--- START ---

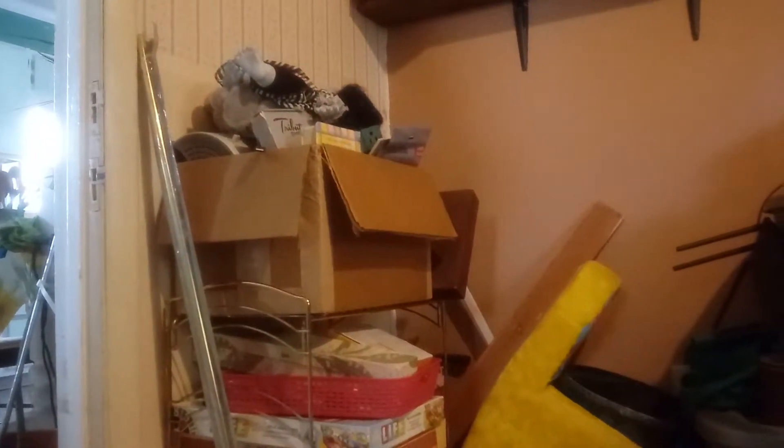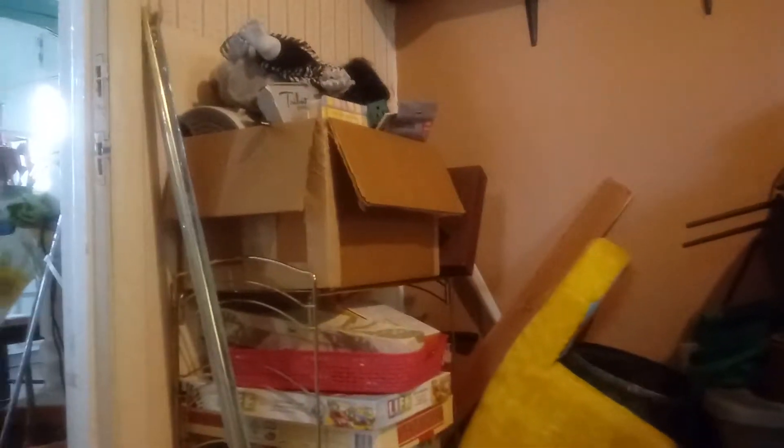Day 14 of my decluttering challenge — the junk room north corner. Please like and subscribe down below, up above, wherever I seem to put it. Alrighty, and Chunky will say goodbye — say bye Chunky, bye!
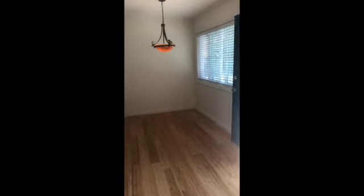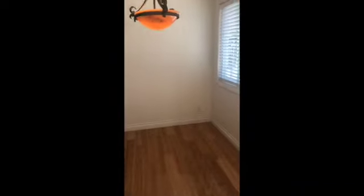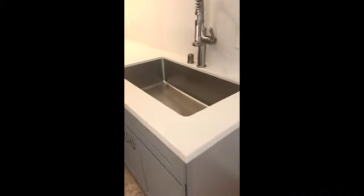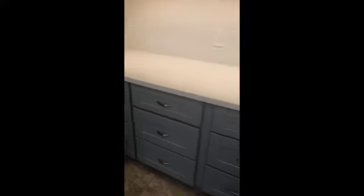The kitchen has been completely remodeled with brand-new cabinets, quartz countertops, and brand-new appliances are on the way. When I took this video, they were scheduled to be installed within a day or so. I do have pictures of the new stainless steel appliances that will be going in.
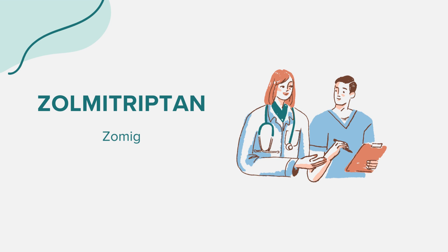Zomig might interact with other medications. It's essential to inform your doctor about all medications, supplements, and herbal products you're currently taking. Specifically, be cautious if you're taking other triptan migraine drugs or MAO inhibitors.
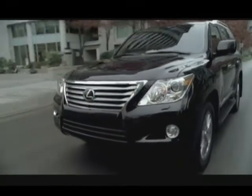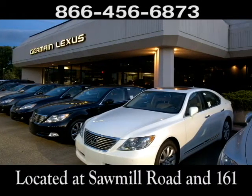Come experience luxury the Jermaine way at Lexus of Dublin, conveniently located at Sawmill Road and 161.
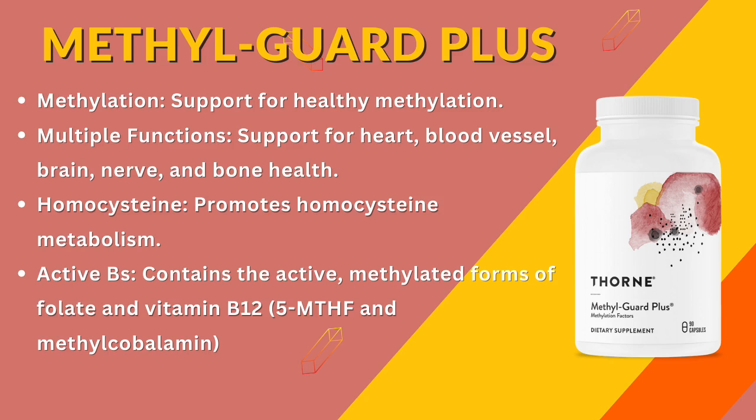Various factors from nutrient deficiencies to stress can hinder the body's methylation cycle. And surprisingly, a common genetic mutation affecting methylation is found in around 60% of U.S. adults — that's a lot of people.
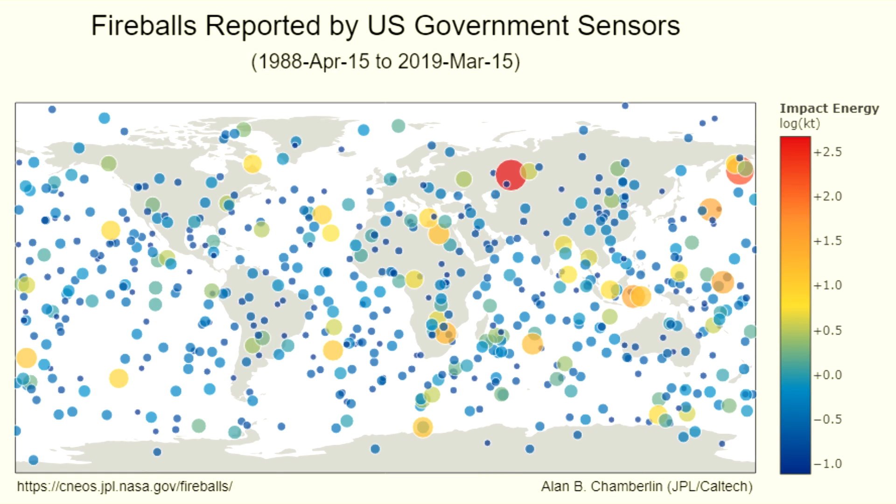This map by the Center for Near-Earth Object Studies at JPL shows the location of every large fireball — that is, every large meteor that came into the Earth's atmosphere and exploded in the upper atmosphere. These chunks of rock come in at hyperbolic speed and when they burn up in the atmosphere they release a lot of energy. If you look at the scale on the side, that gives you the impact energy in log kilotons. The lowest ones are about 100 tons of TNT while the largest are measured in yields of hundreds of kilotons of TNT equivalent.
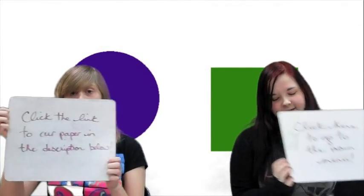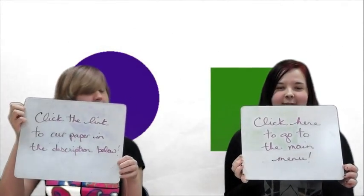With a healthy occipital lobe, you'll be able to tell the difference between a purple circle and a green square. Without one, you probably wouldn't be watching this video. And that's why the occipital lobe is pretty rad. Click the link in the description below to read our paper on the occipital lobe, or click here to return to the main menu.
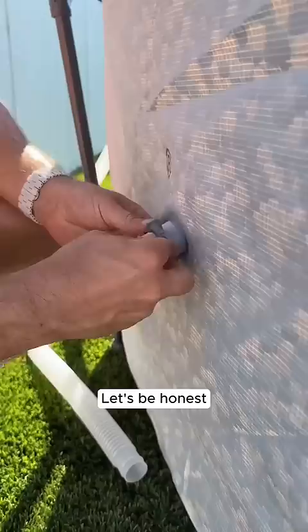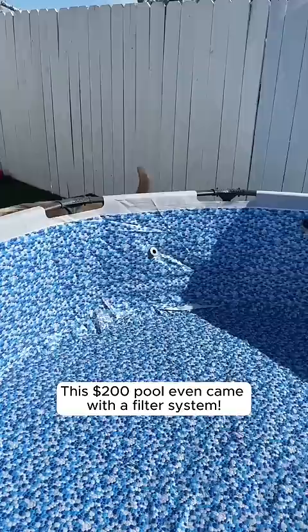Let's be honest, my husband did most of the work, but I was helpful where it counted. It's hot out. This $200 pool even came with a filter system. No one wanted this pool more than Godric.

--- END ---

▶ [WHAT YOU HAVE TO DO]:
Your answer should set down the listing verbatim and leave out its images.

▶ [SOLUTION TO THE PROBLEM]:
Day 14 of my decluttering challenge — the junk room north corner. Please like and subscribe down below, up above, wherever I seem to put it. Alrighty, and Chunky will say goodbye — say bye Chunky, bye!
The kitchen has been completely remodeled with brand-new cabinets, quartz countertops, and brand-new appliances are on the way. When I took this video, they were scheduled to be installed within a day or so. I do have pictures of the new stainless steel appliances that will be going in.
Zomig might interact with other medications. It's essential to inform your doctor about all medications, supplements, and herbal products you're currently taking. Specifically, be cautious if you're taking other triptan migraine drugs or MAO inhibitors.
Come experience luxury the Jermaine way at Lexus of Dublin, conveniently located at Sawmill Road and 161.
Various factors from nutrient deficiencies to stress can hinder the body's methylation cycle. And surprisingly, a common genetic mutation affecting methylation is found in around 60% of U.S. adults — that's a lot of people.
This map by the Center for Near-Earth Object Studies at JPL shows the location of every large fireball — that is, every large meteor that came into the Earth's atmosphere and exploded in the upper atmosphere. These chunks of rock come in at hyperbolic speed and when they burn up in the atmosphere they release a lot of energy. If you look at the scale on the side, that gives you the impact energy in log kilotons. The lowest ones are about 100 tons of TNT while the largest are measured in yields of hundreds of kilotons of TNT equivalent.
With a healthy occipital lobe, you'll be able to tell the difference between a purple circle and a green square. Without one, you probably wouldn't be watching this video. And that's why the occipital lobe is pretty rad. Click the link in the description below to read our paper on the occipital lobe, or click here to return to the main menu.
Let's be honest, my husband did most of the work, but I was helpful where it counted. It's hot out. This $200 pool even came with a filter system. No one wanted this pool more than Godric.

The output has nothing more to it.